Sauf que dès que nous ouvrons nos yeux (et nos oreilles), on se rend compte qu’il pleut déjà des cordes !! On tergiverse pendant 20 minutes à savoir si on fait les 2h aller + 2h retour en bus pour aller à , car s’il pleut toute la journée ça n’a pas grand intérêt… Dur dur de prendre des décisions pareilles quand ta tête est encore dans le brouillard 😅
On finit par se dire qu’on prend le risque et décidons d’y aller. Maintenant que nous avons perdu du temps à réfléchir, on doit se grouiller de se préparer car notre bus est à 6h et on a 15 minutes de marche. On aura vu mieux comme réveil en douceur, car à peine levés on court ! (On ne le savait pas encore, mais ce sera notre crédo pour la journée).
5h50, on est fiers car nous arrivons au terminal de bus avec 10 minutes d’avance 💪 Ouep, bah c’était sans compter qu’en arrivant sur le quai, on voit notre bus qui se fait la malle sans nous ! On se met à courir comme des dératés, dans les rues sombres et désertes, avec en bonus la pluie et les flaques d’eau. Après 3 minutes de sprint, mes 2 poumons décident que c’est trop d’exercice de bon matin et coupent toute entrée ou sortie d’air. Jeff, quant à lui continue de courir, sautant par dessus les marres d’eau (c’est la taille au dessus des flaques) et brandissant son beau parapluie tout neuf, pour faire des signes au chauffeur.
Le bus finit par se garer sur le bas côté wouhou ! On monte dedans, essouflés mais contents. Il est 6h, on est trempés autant par la pluie que par la transpi, et surtout on est déjà épuisés alors que la journée n’a même pas encore commencé.
Et vous savez le meilleur dans tout ça ? Eh bien, le bus ne part que 10 minutes plus tard… Donc, on a couru pour rien ! 😅
Mais bon, on est dans le bus et c’est le plus important. Maintenant y’a plus qu’à espérer qu’il fasse beau là-haut 🤞

Le bus se met en mouvement et s’arrête régulièrement pour prendre des passagers. La plupart d’entre eux portent le chapeau local, on adore leur look !
Apparemment, il n’y a pas que nous qui sommes fatigués, car le Monsieur d’à côté s’endort rapidement.

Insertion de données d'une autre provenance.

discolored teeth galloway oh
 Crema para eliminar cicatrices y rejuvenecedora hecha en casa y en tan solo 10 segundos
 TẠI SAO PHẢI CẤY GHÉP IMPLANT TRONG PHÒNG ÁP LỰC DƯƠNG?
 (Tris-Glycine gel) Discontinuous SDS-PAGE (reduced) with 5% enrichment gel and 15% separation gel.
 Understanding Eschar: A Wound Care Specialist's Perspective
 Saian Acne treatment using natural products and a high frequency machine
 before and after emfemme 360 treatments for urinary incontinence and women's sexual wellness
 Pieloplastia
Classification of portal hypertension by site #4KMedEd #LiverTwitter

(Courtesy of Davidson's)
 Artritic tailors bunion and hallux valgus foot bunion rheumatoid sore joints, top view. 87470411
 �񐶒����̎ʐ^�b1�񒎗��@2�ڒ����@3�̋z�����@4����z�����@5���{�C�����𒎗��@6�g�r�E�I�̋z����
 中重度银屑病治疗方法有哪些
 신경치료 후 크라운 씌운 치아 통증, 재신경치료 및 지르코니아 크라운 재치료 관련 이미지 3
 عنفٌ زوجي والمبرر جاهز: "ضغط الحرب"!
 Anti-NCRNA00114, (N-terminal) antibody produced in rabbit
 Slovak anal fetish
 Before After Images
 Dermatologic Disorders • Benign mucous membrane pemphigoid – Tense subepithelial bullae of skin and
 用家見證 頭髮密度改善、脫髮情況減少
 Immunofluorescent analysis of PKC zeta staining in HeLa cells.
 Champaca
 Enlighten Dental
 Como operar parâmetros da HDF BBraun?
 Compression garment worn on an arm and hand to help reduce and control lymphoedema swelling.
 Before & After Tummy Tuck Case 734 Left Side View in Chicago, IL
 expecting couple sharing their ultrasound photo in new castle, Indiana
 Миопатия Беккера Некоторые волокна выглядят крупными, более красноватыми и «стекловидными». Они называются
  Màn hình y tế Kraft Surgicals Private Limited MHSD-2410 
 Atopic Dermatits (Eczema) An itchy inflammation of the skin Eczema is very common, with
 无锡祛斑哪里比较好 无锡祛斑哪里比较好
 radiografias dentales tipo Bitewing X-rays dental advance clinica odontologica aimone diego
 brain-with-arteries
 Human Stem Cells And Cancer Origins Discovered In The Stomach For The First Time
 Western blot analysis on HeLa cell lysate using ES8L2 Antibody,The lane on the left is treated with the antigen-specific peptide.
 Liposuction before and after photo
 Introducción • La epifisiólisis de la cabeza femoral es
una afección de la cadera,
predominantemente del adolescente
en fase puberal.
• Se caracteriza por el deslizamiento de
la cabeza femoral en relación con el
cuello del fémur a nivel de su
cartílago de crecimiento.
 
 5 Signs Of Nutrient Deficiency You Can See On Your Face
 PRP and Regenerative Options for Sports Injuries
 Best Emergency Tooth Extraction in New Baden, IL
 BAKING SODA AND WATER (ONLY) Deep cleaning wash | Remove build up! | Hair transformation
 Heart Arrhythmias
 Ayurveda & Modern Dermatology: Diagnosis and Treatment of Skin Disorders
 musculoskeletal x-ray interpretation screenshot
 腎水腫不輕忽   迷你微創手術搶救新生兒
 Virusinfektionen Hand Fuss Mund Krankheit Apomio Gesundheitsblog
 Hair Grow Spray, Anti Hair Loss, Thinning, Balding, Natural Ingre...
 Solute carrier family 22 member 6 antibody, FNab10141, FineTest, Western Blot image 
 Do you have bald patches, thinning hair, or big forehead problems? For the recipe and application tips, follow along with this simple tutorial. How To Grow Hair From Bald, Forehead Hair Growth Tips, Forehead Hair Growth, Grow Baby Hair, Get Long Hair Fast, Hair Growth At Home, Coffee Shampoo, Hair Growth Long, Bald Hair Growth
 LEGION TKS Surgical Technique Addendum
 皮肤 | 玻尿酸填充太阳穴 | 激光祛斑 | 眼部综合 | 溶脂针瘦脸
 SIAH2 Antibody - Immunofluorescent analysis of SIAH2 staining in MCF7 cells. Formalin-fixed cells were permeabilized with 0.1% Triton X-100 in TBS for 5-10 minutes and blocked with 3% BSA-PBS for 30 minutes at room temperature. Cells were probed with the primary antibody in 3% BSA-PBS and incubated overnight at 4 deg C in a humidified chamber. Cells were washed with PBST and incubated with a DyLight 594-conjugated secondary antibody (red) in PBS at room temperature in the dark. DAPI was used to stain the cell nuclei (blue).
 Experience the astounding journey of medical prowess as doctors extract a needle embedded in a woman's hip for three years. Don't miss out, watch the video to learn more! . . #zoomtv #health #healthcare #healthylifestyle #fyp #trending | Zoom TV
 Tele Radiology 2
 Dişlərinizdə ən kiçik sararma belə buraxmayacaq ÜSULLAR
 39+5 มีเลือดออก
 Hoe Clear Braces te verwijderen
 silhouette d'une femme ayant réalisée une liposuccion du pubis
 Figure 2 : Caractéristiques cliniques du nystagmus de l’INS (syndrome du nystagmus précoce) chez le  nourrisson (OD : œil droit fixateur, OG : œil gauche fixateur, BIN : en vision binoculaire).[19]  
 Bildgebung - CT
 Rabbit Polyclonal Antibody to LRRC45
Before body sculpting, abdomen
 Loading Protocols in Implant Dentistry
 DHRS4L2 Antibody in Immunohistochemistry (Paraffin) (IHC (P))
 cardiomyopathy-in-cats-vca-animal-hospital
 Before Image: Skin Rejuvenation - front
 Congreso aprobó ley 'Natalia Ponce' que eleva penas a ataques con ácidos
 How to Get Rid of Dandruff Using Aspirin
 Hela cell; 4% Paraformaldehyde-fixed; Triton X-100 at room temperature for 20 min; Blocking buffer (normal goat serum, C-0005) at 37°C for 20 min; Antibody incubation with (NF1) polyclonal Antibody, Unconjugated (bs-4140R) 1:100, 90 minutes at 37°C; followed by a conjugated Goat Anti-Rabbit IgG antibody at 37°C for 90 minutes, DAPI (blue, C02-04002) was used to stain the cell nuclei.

Contrairement à moi, qui m’endors avec la bouche ouverte, le cou à 90°C et la tête qui se balade de droite à gauche (c’est le moment glamour), lui il dort super dignement et, pendant les 2h de bus, sa tête ne bouge pas d’un poil ! Il va falloir m’expliquer quel est son secret. Peut-être que son chapeau a un super-pouvoir ?

Ce petit Monsieur a attiré notre attention, mais ce qui l’a attiré encore plus, se sont les magnifiques paysages.



Nous restons littéralement scotché à la fenêtre pour admirer cette sublime route, qui serpente au milieu de vallées agricoles et de montagnes. Nous avons même le droit à un arc-en-ciel ! 😍


2h plus tard, on descend du bus. La pluie a cessé (on est chanceux!) et on traverse le petit village qui s’est développé aux abords du cratère. Nous arrivons au point de vue et découvrons, comme deux gamins émerveillés, le volcan Quilotoa.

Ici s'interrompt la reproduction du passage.